DATA>
========================================
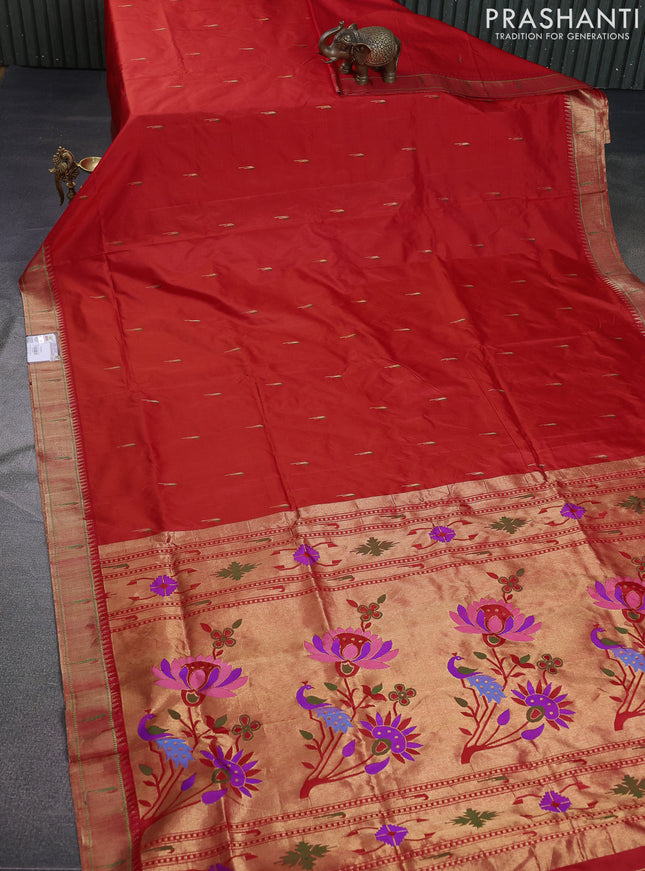 Pure paithani silk saree orange with allover thread & zari woven muniya buttas and paithani weaving pallu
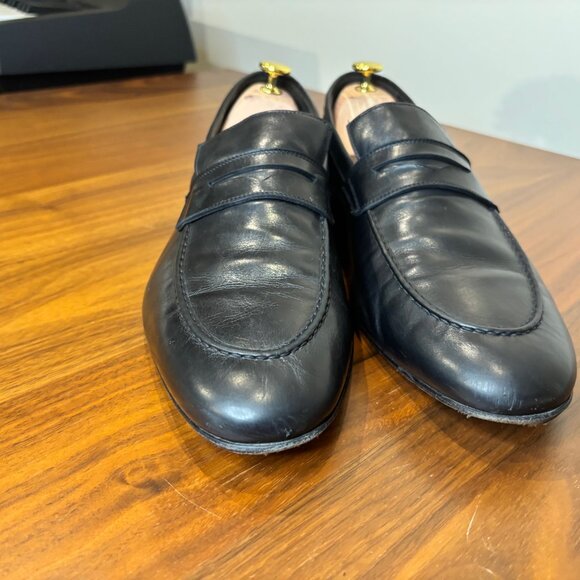 Luca Del Forte Black Leather Penny Loafers – EU 45 - Picture 1 of 8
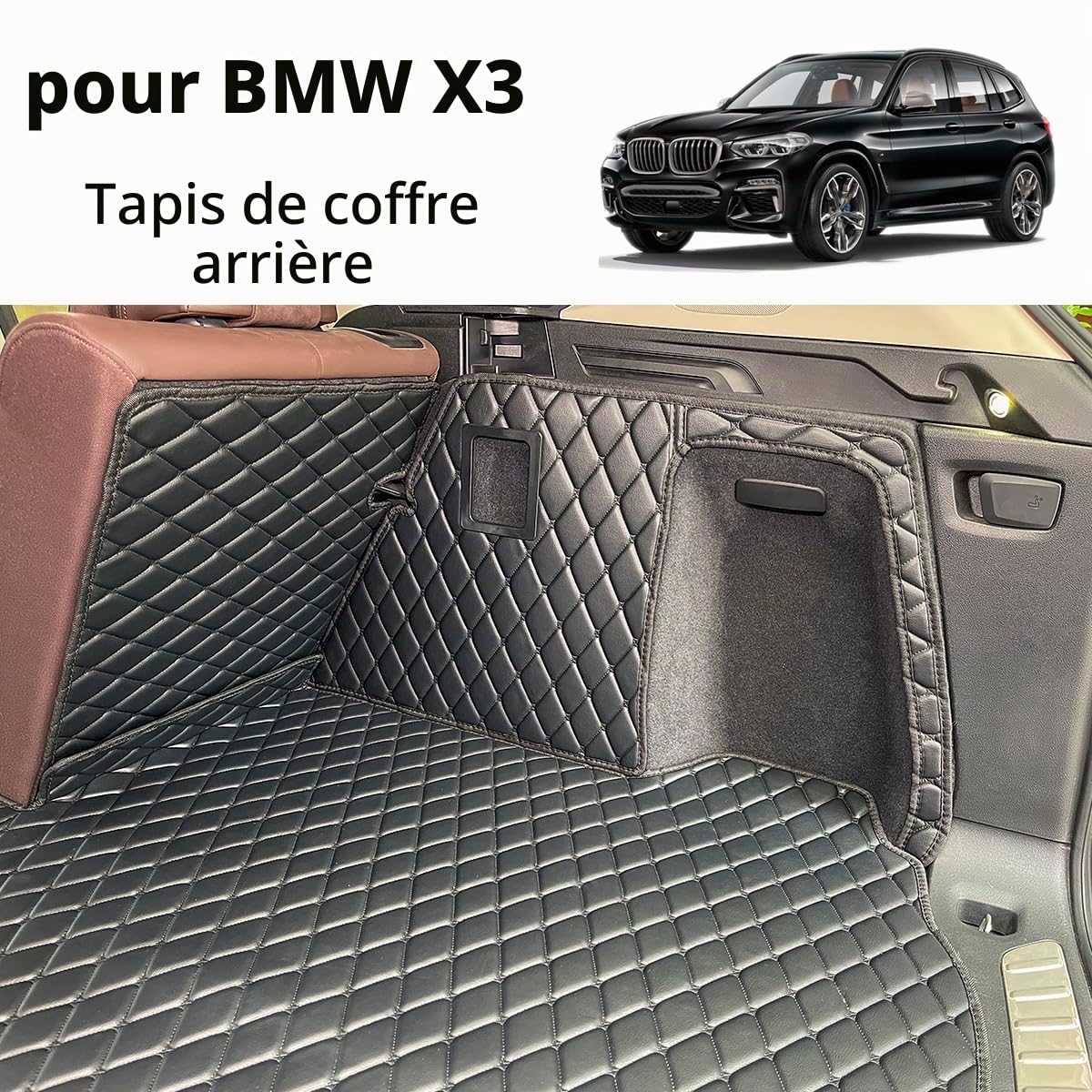 Tapis de coffre compatible avec BMW X3 G01 2018-2024 et doublures de coffre à dossier arrière toutes saisons (ne convient pas au X3 xDrive 30e)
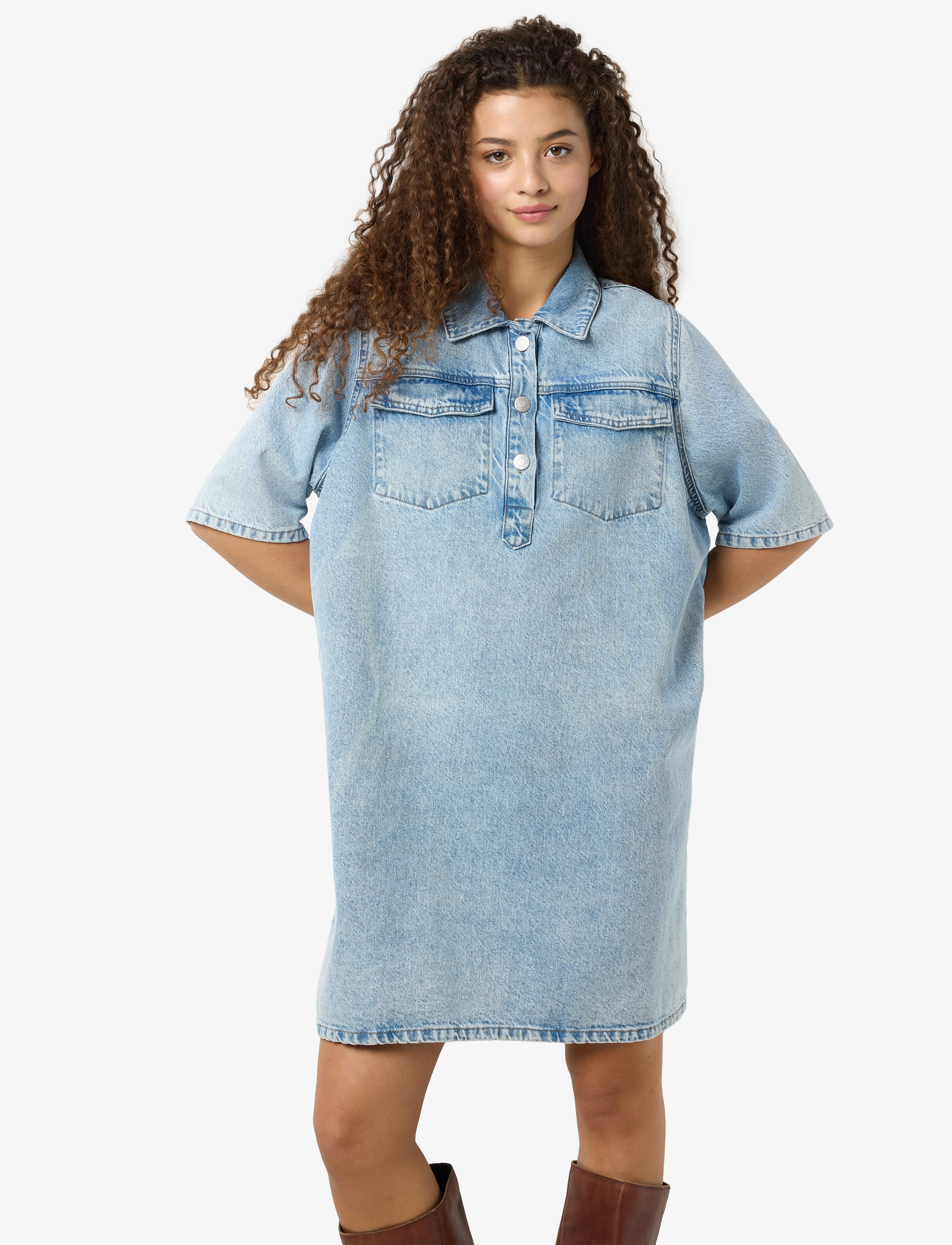 NOISY MAY - NMINDIE S/S SHORT DRESS AZ429LB - light blue denim - 5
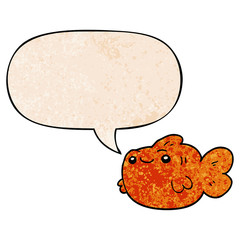 cartoon fish and speech bubble in retro texture style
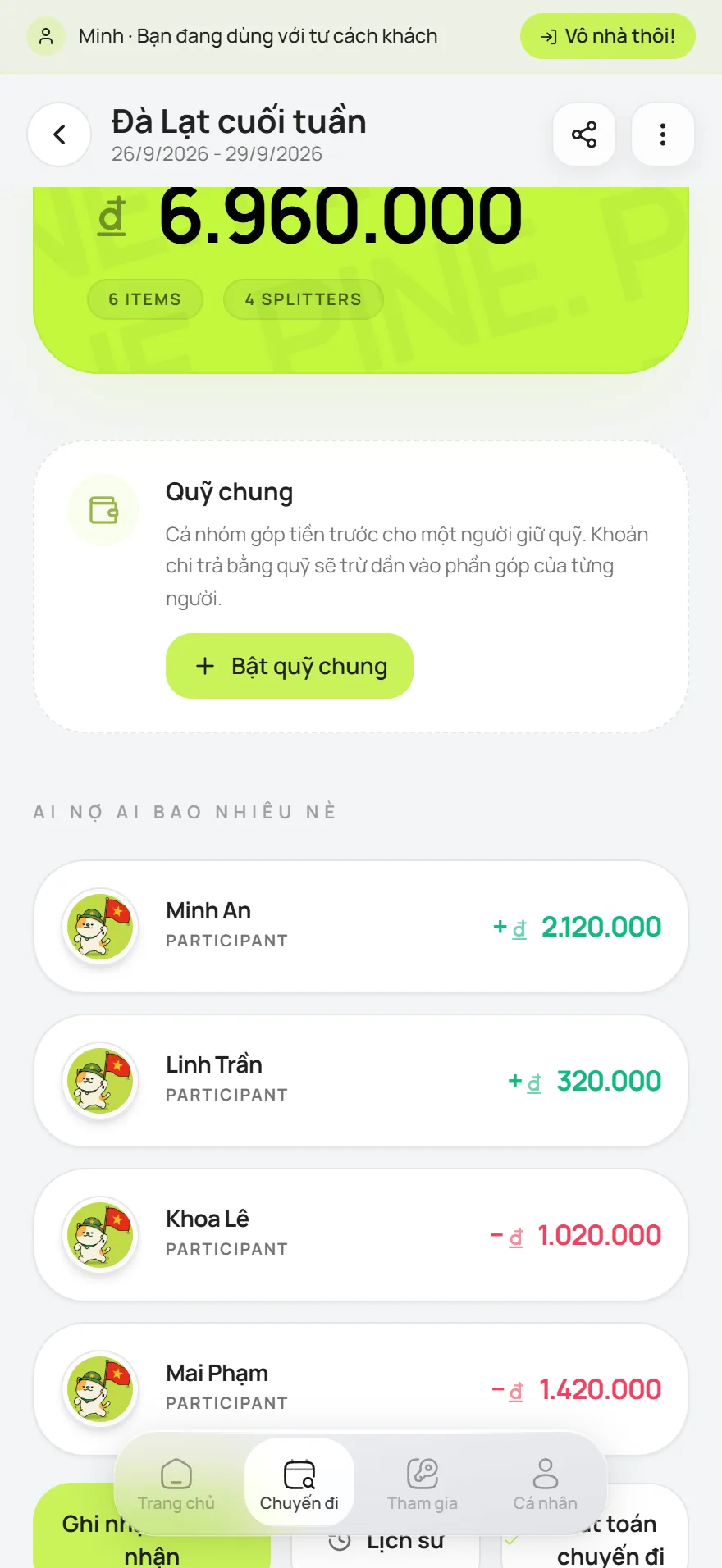 PineCoco — màn hình Chia chi phí, ảnh chụp ứng dụng thực tế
========================================
ASSIGNED TASK> In the data, the line that contains "Tapis de coffre" begins the part to write out; restate it and each line after it word for word through the end, with no pictures.

EXERCISE RESULT>
 Tapis de coffre compatible avec BMW X3 G01 2018-2024 et doublures de coffre à dossier arrière toutes saisons (ne convient pas au X3 xDrive 30e)
 NOISY MAY - NMINDIE S/S SHORT DRESS AZ429LB - light blue denim - 5
 cartoon fish and speech bubble in retro texture style
 PineCoco — màn hình Chia chi phí, ảnh chụp ứng dụng thực tế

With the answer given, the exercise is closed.